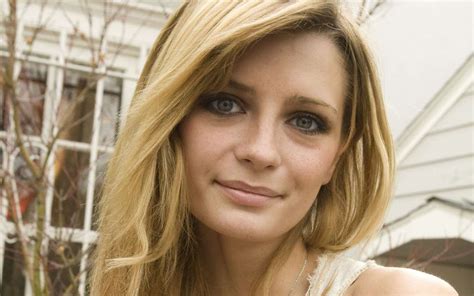 here s how hollywood actress mischa barton reacted on her stolen sex tape india tv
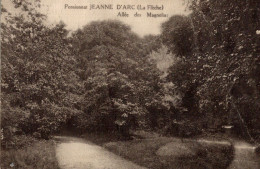 Delcampe - CPA Pensionnat De Jeanne D'Arc (la Flèche) Allée Des Magnolias - La Fleche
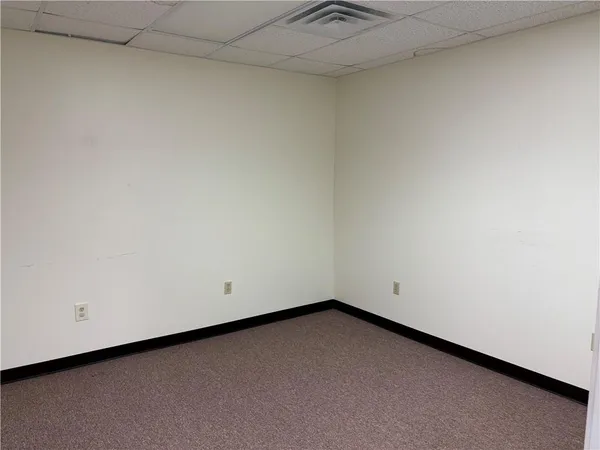 $757,700 | 25595 Rockville Road, Louisburg, KS 66053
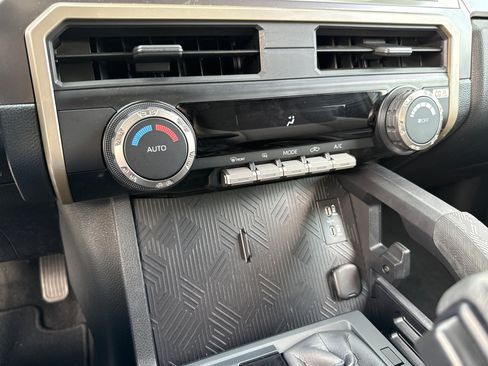 Certified 2026 Toyota Tacoma TRD Off-Road AWD/4WD image 27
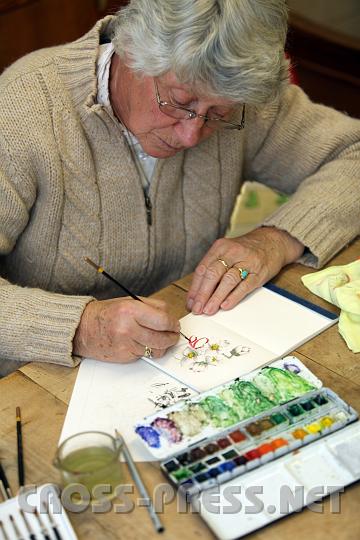 2009.12.02_20.19.27.jpg - Mit �u�erster Pr�zision wird das Motiv gemalt: auf diese Weise entstehen wundersch�ne Weihnachtsbillets, �ber die sich die Empf�nger schon jedes Jahr im Voraus freuen.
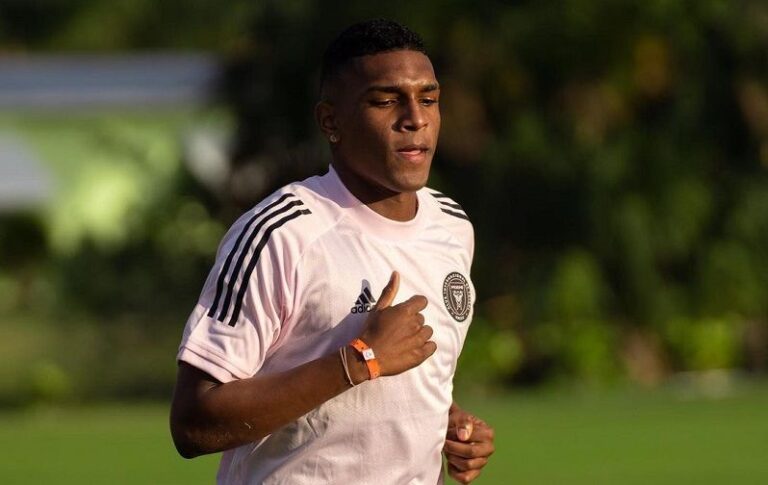 Charlotte FC firmó a defensor venezolano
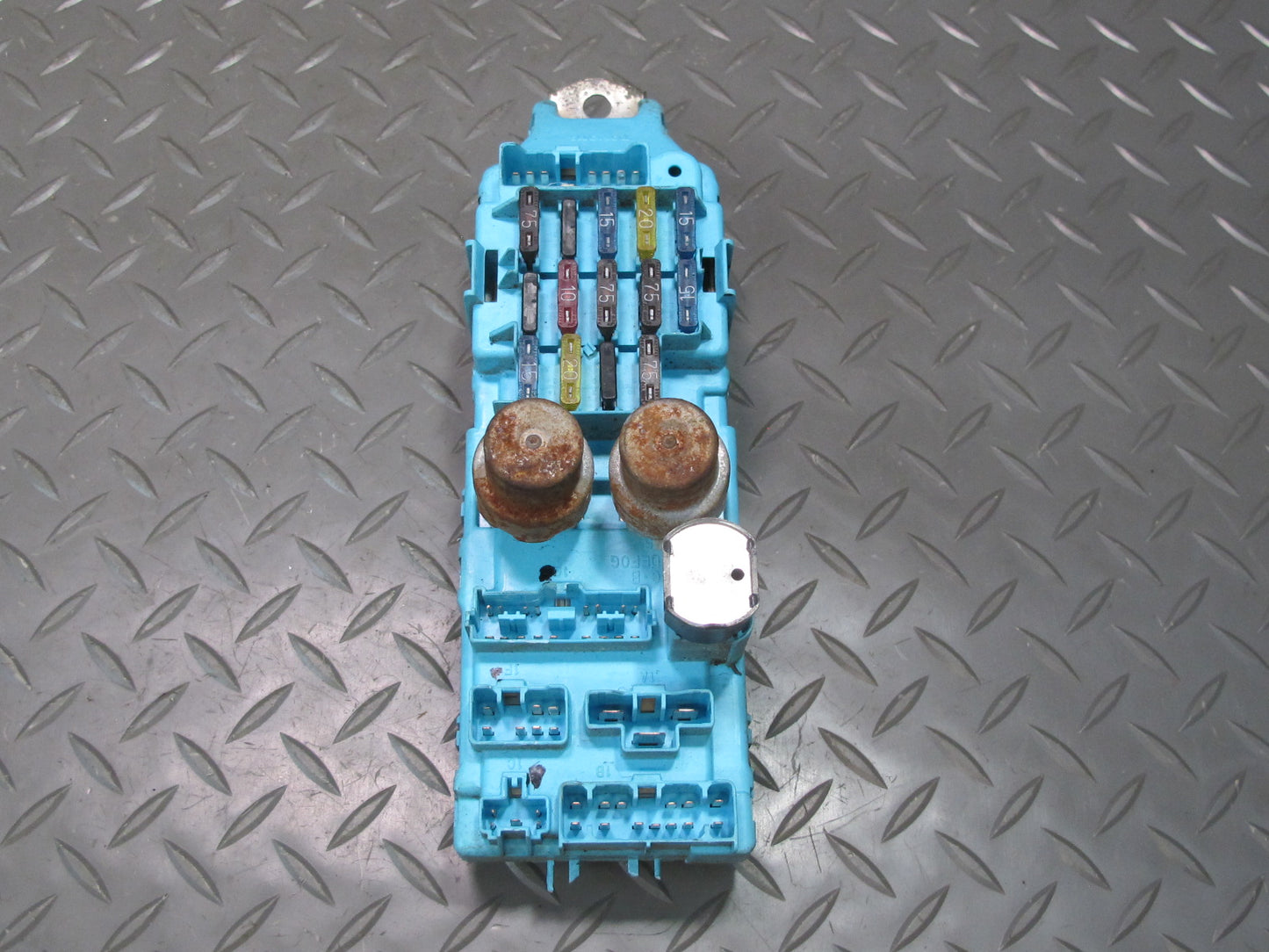 89-92 Toyota Supra MK3 MA70L Integration Relay Fuse Box Module OEM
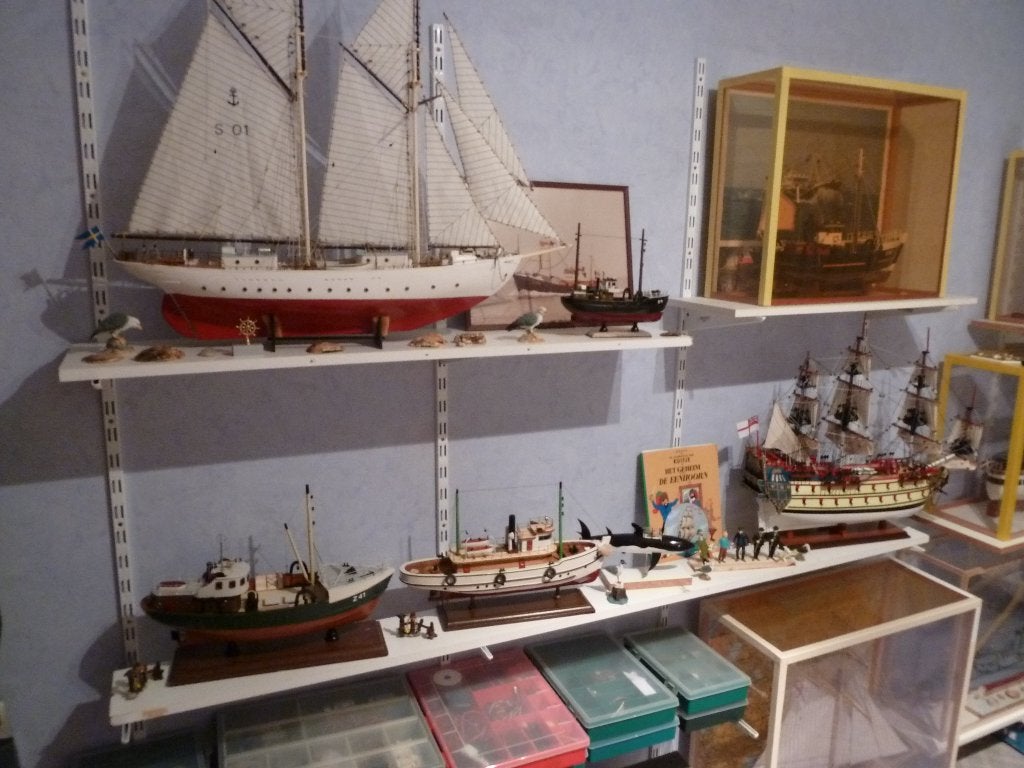 Kotters-Trawlers-Stoomboot, Ophalen, Nieuw, Groter dan 1:32, Overige merken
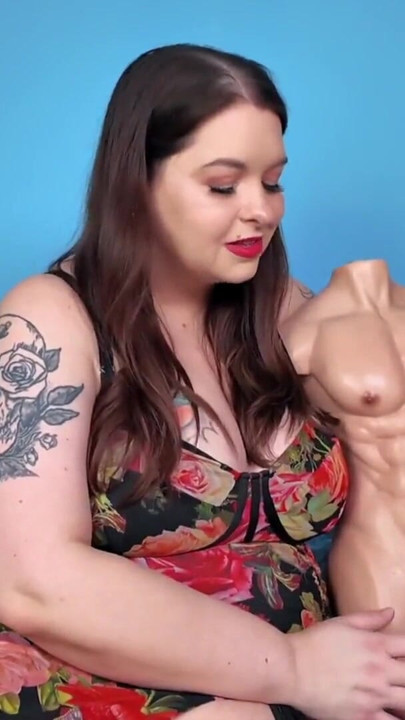 SILICONE MALE TORSO BRUCE by YELOLY - FULL REVIEW - SYDNEY SCREAMS | Clip 1
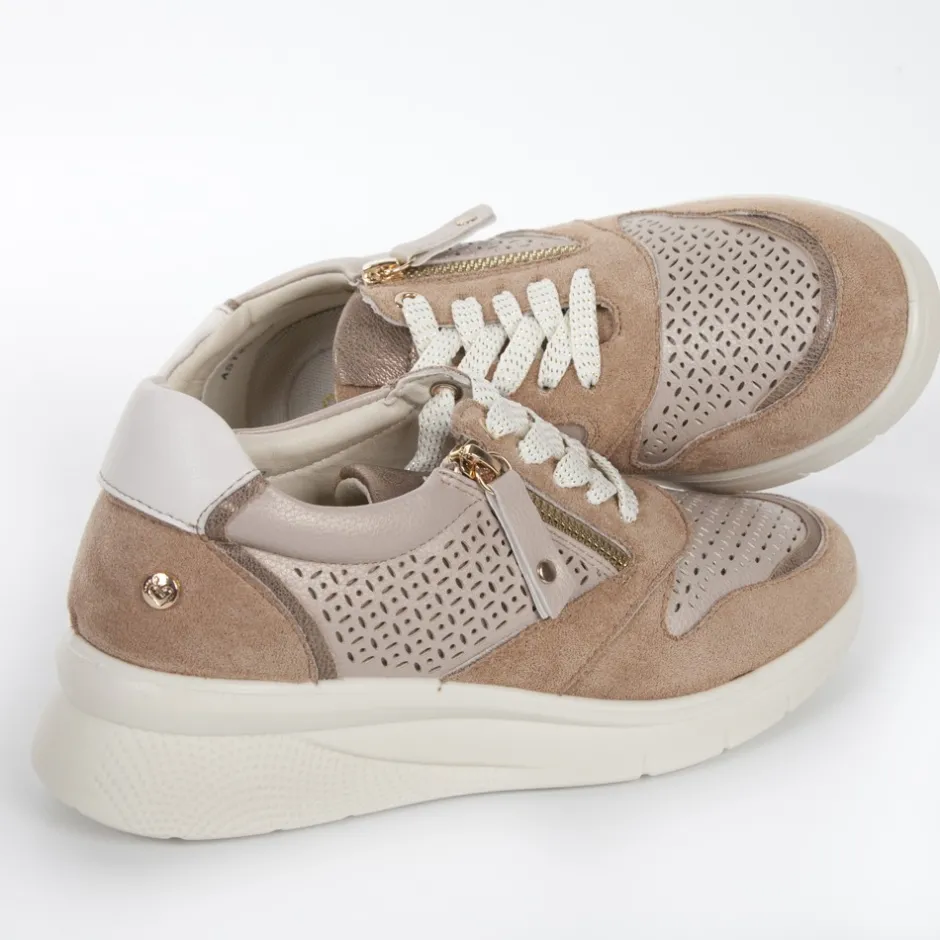 deportivo_cua_cordones_y__7.webp Calzaro Deportivas | Deportivo Cuña Cordones y Crem. Lateral Perforado 23388 Taupe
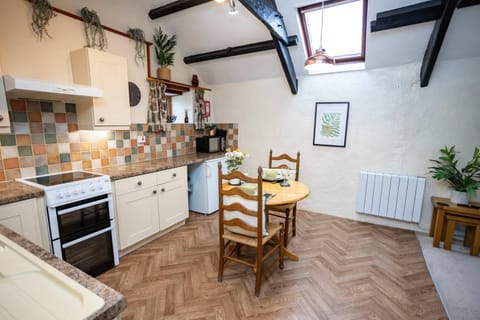 Apartment | 1 bedroom, Internet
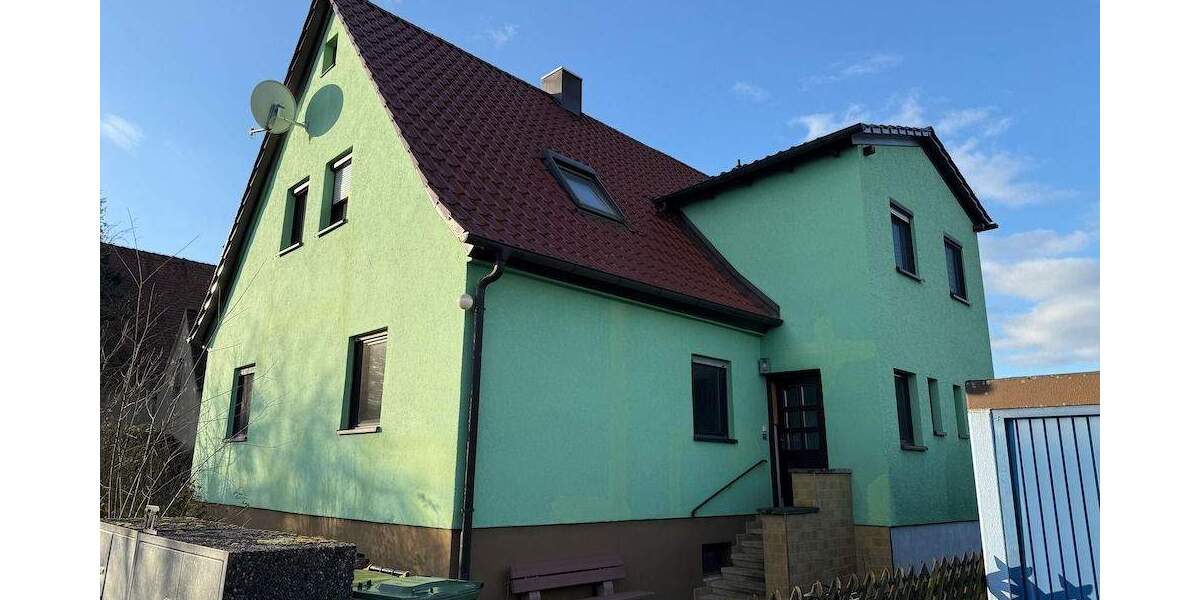 Doppelhaushälfte mit Doppelgarage und großzügigen Garten 5 zimmer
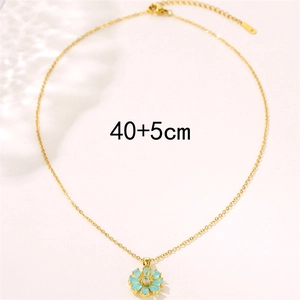 Gold sunflower necklace with blue zircon pendant and 40+5cm adjustable chain length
-----
**EXERCISE AIM:**
Using the material above, reproduce only the lines that run from the line with "Kotters-Trawlers-Stoomboot, Ophalen, Nieuw, Groter" up to and including the line with "Doppelhaushälfte mit Doppelgarage", exactly, with the pictures dropped.

**SOLUTION:**
 Kotters-Trawlers-Stoomboot, Ophalen, Nieuw, Groter dan 1:32, Overige merken
 SILICONE MALE TORSO BRUCE by YELOLY - FULL REVIEW - SYDNEY SCREAMS | Clip 1
 deportivo_cua_cordones_y__7.webp Calzaro Deportivas | Deportivo Cuña Cordones y Crem. Lateral Perforado 23388 Taupe
 Apartment | 1 bedroom, Internet
 Doppelhaushälfte mit Doppelgarage und großzügigen Garten 5 zimmer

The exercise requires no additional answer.